Oil prices have sold off sharply in the wake of Friday’s non-event Opec meeting, underlining the producer group’s credibility problem. By early evening UAE time yesterday, world benchmark North Sea Brent crude oil futures were down 11 per cent since Friday afternoon, at US$39.93 per barrel – 83 cents lower on the day.
Why the big sell-off when there was essentially no new information out of the meeting?
The major players within Opec, especially Saudi Arabia, had given no indication that there would be a shift in policy from last year, when the group resolved to hold on to market share and let the market find its own level, a strategy aimed at forcing off high-cost production from North America, the North Sea and elsewhere.
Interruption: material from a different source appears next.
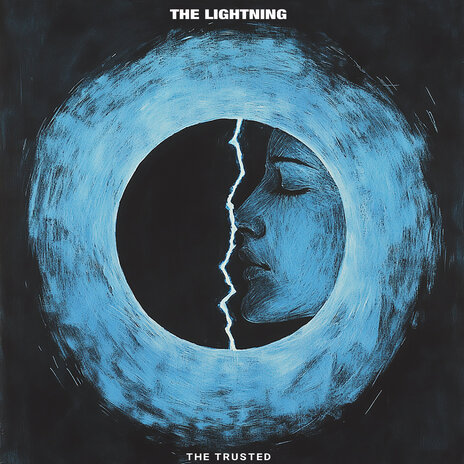 The Lightning | Boomplay Music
The main difficulty – and not just for the latest sell-off – seems to be Opec’s inability to put out a clear message.
As Ann-Louise Hittle, senior oil analyst with Wood Mackenzie, explains: “Rumours of possible production cuts and even an increase in the ceiling flew through the Opec rumour mill ahead of the Friday afternoon press conference. That part was great political theatre and reflected the disagreements in the group.” But instead of any action, she says, “a vaguely worded communique was released and a short press conference held”.
That communique mostly delivered tedious housekeeping information and the already well-known fact that Indonesia would be rejoining the group, without any discussion of how its or any other member’s production would be accommodated.
In later paragraphs, there were some throwaway comments about a world demand growth forecast of 1.3 million barrels per day for next year while non-Opec supply “is expected to contract” (by an unspecified amount).
This vacuum was filled by comments from individual oil ministers, especially Iranian oil minister Bijan Zanganeh, whose interpretation of the meeting – “Everyone does whatever they want” – helped to fuel headlines like “Opec talks end in chaos” and “Who killed Opec?”.
The Vienna-based secretariat is certainly aware of its communication problem. According to a story in The Wall Street Journal in October, internal reports by Opec determined that it had “an image problem” and difficulty communicating its core message of stability.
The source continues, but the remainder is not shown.